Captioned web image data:
┄┄┄┄┄┄┄┄┄┄┄┄┄┄┄┄┄┄┄┄
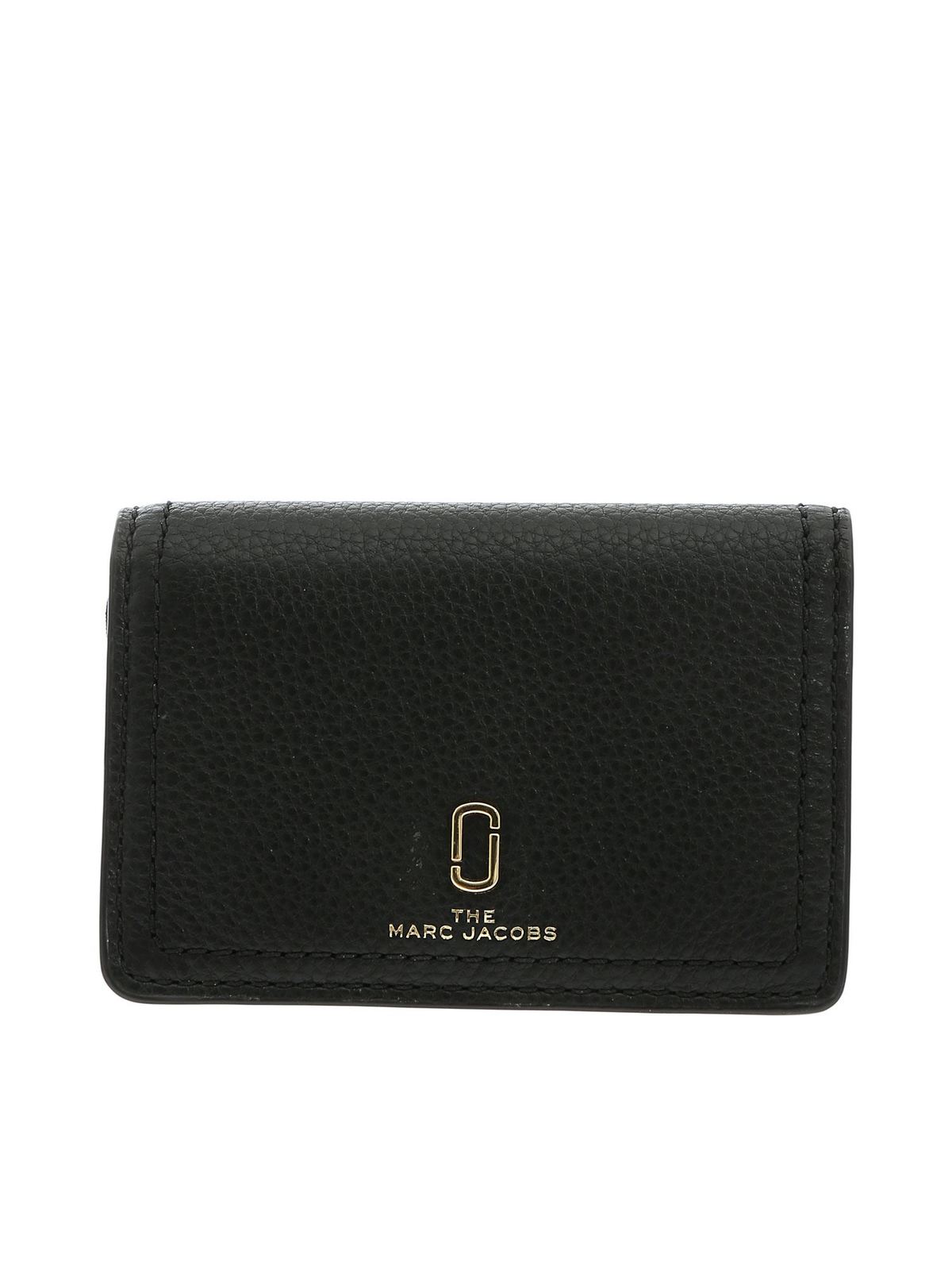 marc jacobs business card holder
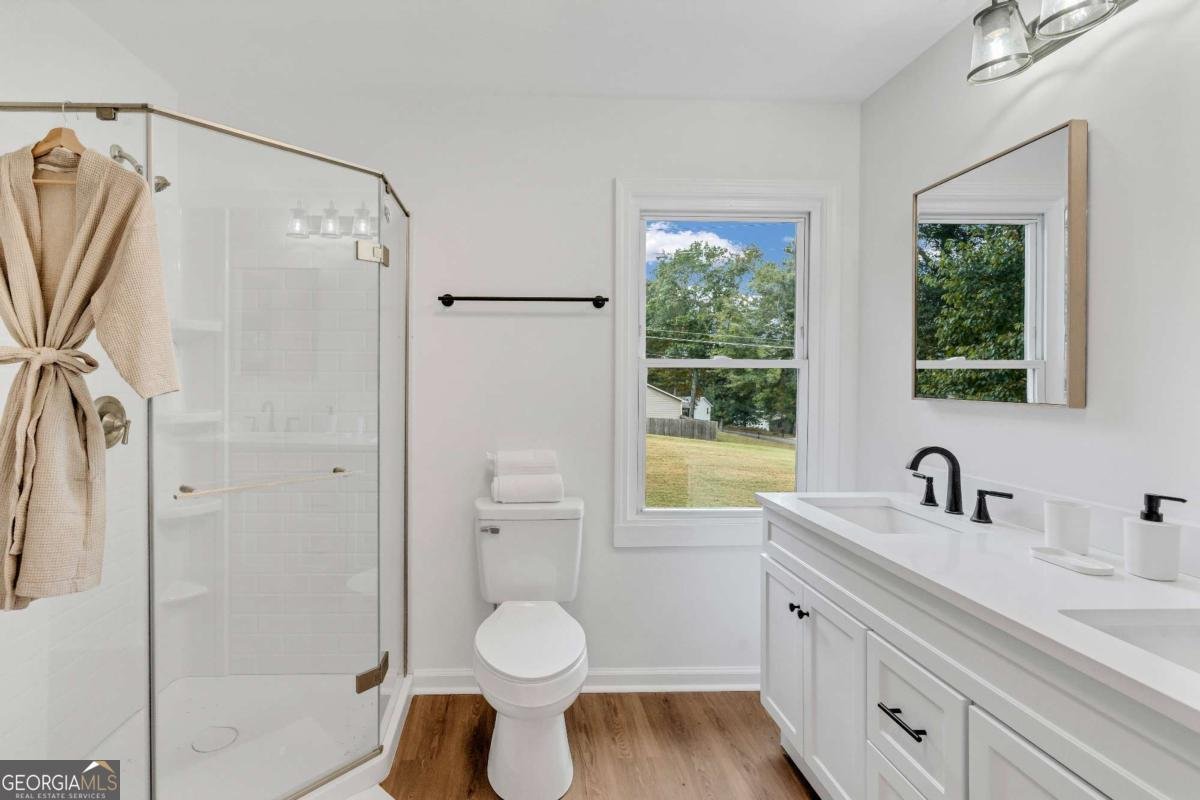 3816 Cherokee Trail Suwanee - 7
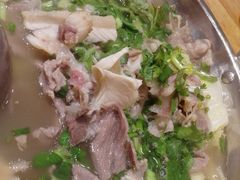 -杨三孃跷脚牛肉(中粮鸿云悦街店)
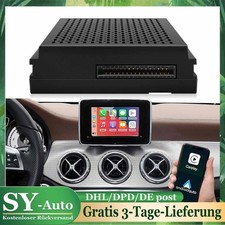 NTG4.5 Modul CarPlay Android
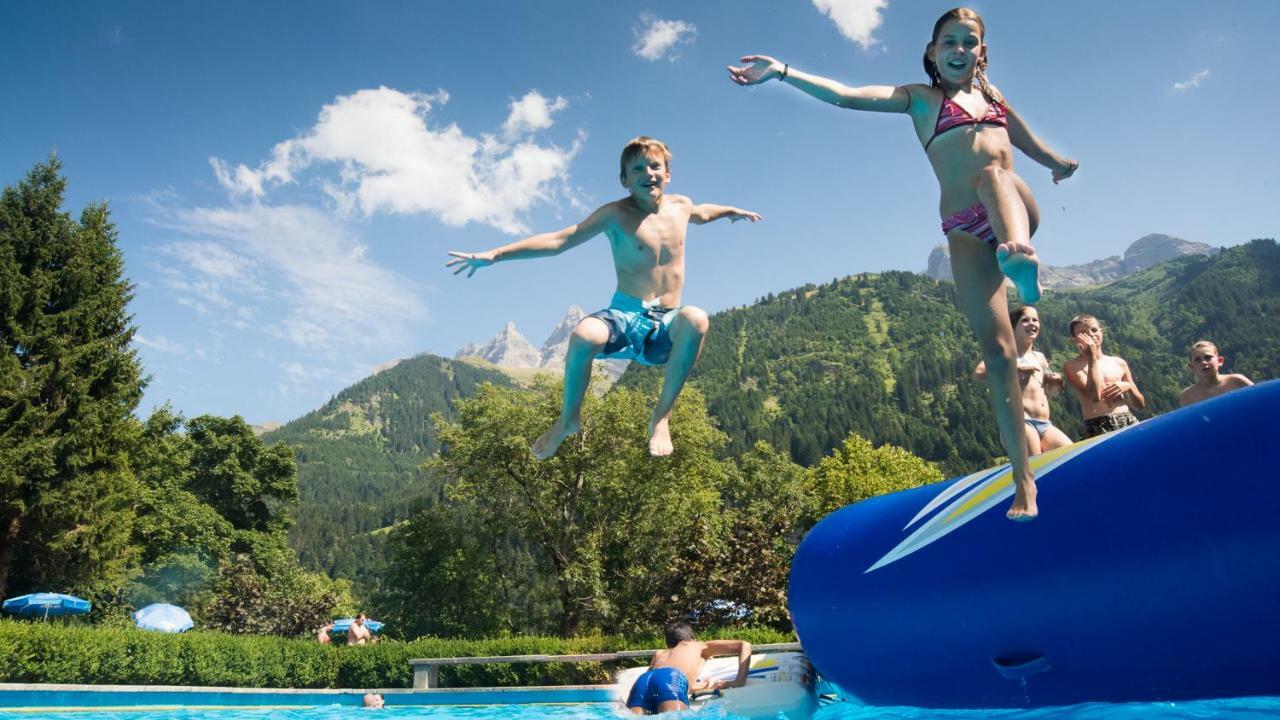 Resort Palladium De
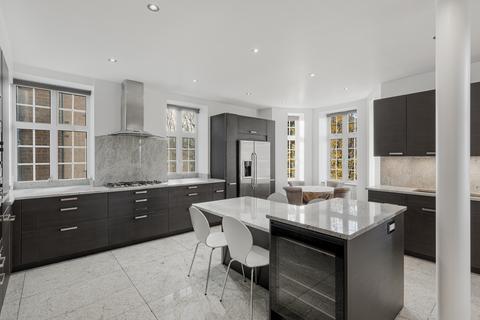 6 bedroom apartment for sale, Eyre Court, Finchley Road, London, London NW8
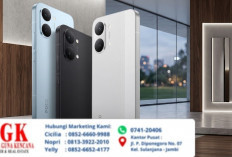Sebelum Beli, Ketahui Spesifikasi dan Keunggulan HP POCO X8 Pro dan X8 Pro Max di Indonesia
┄┄┄┄┄┄┄┄┄┄┄┄┄┄┄┄┄┄┄┄
INSTRUCTIONS TO FOLLOW: Leave out the pictures, and write out exactly the lines from the line containing "3816 Cherokee Trail Suwanee - 7" through the end of the records above.

RESPONSE TO THE EXERCISE:
 3816 Cherokee Trail Suwanee - 7
 -杨三孃跷脚牛肉(中粮鸿云悦街店)
 NTG4.5 Modul CarPlay Android
 Resort Palladium De
 6 bedroom apartment for sale, Eyre Court, Finchley Road, London, London NW8
Sebelum Beli, Ketahui Spesifikasi dan Keunggulan HP POCO X8 Pro dan X8 Pro Max di Indonesia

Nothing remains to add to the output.